Screenwriting



Screenwriting involves all writing "for the screen." Given the history of the screen, such a category covers both fiction and documentary films since the early 1900s in the United States and throughout the world as well as work for television, video, and, in recent years, the Internet. In the beginning of film, there were no screenplays. In fact, one does not need a screenplay to make a movie. Technically, one simply needs a camera and film or a digital camera, and certainly since the first days of moving images down to "Reality TV" in recent times, there are those who specialize in using nonscripted approaches to film.
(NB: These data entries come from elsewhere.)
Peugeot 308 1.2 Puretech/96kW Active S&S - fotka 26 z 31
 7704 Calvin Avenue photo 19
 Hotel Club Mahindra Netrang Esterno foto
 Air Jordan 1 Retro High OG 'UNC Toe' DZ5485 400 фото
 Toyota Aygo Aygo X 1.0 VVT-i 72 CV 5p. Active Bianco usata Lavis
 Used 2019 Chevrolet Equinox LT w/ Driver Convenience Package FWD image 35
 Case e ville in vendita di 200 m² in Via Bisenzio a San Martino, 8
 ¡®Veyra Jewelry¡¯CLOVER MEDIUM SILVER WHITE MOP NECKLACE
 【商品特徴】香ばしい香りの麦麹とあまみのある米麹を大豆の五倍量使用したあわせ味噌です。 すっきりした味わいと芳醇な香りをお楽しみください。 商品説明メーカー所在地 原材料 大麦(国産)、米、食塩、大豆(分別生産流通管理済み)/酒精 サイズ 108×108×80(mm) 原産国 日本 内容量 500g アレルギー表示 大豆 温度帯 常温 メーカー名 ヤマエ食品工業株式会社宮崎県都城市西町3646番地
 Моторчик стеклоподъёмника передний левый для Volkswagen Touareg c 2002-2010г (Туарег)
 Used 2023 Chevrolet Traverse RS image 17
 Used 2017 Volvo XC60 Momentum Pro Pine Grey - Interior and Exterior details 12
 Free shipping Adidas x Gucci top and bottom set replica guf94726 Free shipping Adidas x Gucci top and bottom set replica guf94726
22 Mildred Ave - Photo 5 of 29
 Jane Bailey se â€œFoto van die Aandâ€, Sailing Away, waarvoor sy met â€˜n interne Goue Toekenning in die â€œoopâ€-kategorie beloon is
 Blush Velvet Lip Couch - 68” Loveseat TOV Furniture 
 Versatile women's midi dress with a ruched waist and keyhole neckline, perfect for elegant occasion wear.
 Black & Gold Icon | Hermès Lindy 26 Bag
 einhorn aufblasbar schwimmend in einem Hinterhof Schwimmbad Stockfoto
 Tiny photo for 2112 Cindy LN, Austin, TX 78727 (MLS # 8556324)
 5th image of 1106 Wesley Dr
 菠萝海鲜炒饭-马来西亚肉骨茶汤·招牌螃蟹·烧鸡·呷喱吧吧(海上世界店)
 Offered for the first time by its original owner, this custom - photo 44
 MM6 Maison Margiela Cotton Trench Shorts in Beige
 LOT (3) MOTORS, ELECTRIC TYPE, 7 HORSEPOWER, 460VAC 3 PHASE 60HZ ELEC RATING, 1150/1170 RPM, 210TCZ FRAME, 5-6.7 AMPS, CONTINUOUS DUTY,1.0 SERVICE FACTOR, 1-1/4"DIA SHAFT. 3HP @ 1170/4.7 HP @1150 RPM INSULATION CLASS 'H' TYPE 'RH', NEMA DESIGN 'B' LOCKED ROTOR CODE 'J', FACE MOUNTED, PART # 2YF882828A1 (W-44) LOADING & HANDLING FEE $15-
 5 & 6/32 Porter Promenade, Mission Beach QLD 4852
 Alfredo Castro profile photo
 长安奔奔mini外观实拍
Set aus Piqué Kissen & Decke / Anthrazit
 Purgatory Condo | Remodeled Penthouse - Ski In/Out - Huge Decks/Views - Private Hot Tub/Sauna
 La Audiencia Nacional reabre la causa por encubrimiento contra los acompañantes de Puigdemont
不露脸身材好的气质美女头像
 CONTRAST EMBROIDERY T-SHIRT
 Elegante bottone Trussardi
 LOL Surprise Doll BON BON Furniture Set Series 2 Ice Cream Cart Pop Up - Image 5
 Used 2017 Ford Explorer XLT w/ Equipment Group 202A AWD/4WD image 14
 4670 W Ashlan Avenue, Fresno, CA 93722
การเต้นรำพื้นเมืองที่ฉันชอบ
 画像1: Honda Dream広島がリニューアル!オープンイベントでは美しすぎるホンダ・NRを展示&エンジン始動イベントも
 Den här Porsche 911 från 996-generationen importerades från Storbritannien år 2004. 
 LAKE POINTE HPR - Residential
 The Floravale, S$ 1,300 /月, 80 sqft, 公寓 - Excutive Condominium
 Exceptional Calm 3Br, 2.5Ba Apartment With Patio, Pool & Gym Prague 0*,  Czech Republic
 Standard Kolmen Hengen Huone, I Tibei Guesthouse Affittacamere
But the moment fiction or narrative cinema lasting more than a few minutes began to become common, there came the realization that, as for the stage, so for film, actors and directors needed to know the story, the dialogue, and the action for the tales being told.

Script credits exist for most silent films, but as biographies, autobiographies, and studies of the period have revealed, few of these films had hard and fast scripts written by someone called a screenwriter. In many of his shorts, such as The Haunted House (1921), The Boat (1921), The Playhouse (1921), The Paleface (1922), and Cops (1922), Buster Keaton (1895–1966) is listed as co-screenwriter with his friend Edward F. Cline (1892–1961). It was not until the coming of sound in film, however, that writers began to call themselves screen-writers, having to write not only action but dialogue as well.